Uno scenario da sogno e un docente da record per lo stage di apnea organizzato dall’ASD Unacapovoltanelblu scuola di apnea di Olbia ( fondata da Marco Bulleri) all’ Hotel Resort & SPA Baia Caddinas.

Appassionati di apnea provenienti da tutta Italia si sono dati, lo scorso weekend, appuntamento a Golfo Aranci, per apprendere – grazie a sessioni teoriche e pratiche – i segreti dall’apnea dal pluriprimatista mondiale Umberto Pellizzari.  Le lezioni si sono svolte nelle acque vicine al promontorio di Capo Figari e nelle magnifiche piscine dell’Hotel Baia Caddinas di Golfo Aranci.

Al termine di questa tre giorni appassionante, abbiamo avuto il piacere di parlare con Umberto Pelizzari di apnea, come disciplina sportiva ma anche come stato del corpo e dell’anima.

 

 

Come è stata l’esperienza al Baia Caddinas? Che ricordo avrai di questo stage in terra sarda?

È stato uno degli stage meglio riusciti dal punto di vista logistico, perchè ciò che è servito al team era molto vicino e non si è perso tempo per i trasferimenti. La zona e l’hotel sono incantevoli e si è respirata una bellissima atmosfera: non avrebbero potuto organizzarlo meglio. Ormai una voce importate del mio lavoro è quella legata alla didattica, quindi do molta importanza a questi momenti di incontro. Gli allievi sono stati fantastici. Il gruppo era eterogeneo: alcuni alle prime esperienze, altri con performance importanti alle spalle. Avevamo un istruttore ogni due/tre allievi, quindi abbiamo lavorato davvero bene, sia in mare che in piscina. Tutti si sono dati da fare e abbiamo chiuso questa tre giorni in bellezza.

Come è nato il tuo amore per l’acqua? È vero che la temevi da piccolo?

Mia mamma mi ha mandato in piscina quando avevo circa cinque anni per farmi superare la paura dell’acqua. Io piangevo anche quando dovevo fare la doccia, figurati. Temevo proprio l’acqua addosso e soffrivo di claustrofobia. Dopo un anno di piscina ho iniziato a praticare il nuoto a livello agonistico e ad avvicinarmi alla mia vera passione, l’apnea. L’acqua è diventata poi il mio elemento. Ai miei tempi era difficile creare collegamenti con i protagonisti dell’apnea: non c’era internet, non c’erano scuole o corsi. Ricordo di aver scritto delle lettere ai due campioni del tempo, Enzo Maiorca e Jacques Mayol, senza ottenere risposta. Quindi ho cercato di trovare il mio percorso da solo, con il tempo, partendo dalla piscina di Busto Arsizio, la città dove sono cresciuto.

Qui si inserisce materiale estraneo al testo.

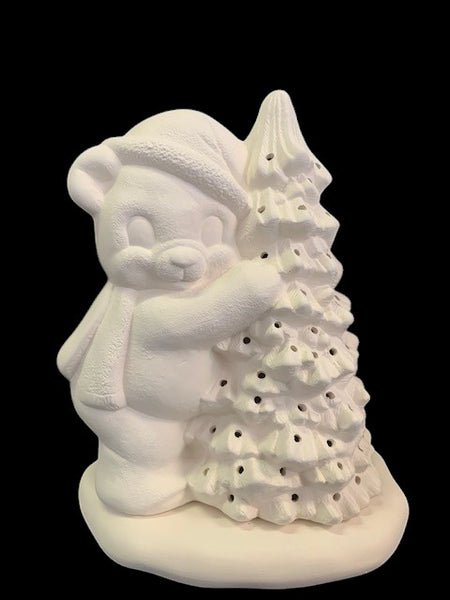 Texture Christmas Teddy Bear Hugging Christmas Tree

L’apnea insegna, come dici spesso, a gestire stress e fallimenti: tu come li vivi?

Tutti noi abbiamo un’arma potentissima che purtroppo usiamo poco, che è la respirazione. Respiriamo male e non capiamo come questo gesto naturale, che ci accompagna da quando siamo nati, possa essere importante per gestire stress e ansia. Ho tenuto, durante il lockdown, dei corsi online sulla respirazione e ci siamo accorti più che mai dell’utilità di questo “strumento” nella vita di tutti i giorni. Quando sei stressato e si alzano la frequenza cardiaca e la pressione, tutto sembra muoversi contro: la scelta di tornare sul proprio corpo e di respirare in un certo modo aiuta a riprendere in mano il controllo e a risolvere quei problemi che alla fine non esistono perchè li hai creati tu. Per quanto riguarda i fallimenti, fanno parte della vita come dello sport e sono necessari per la cresciuta personale e per quella dell’atleta. Sono bagni di umiltà che ci aiutano a ritrovare l’equilibrio, a ristabilire le priorità e a cercare di migliorare.

 

Il concetto di stare in apnea, per la maggioranza di noi, ha un’accezione negativa. Per te, invece, è legato al benessere: ci spieghi perchè?   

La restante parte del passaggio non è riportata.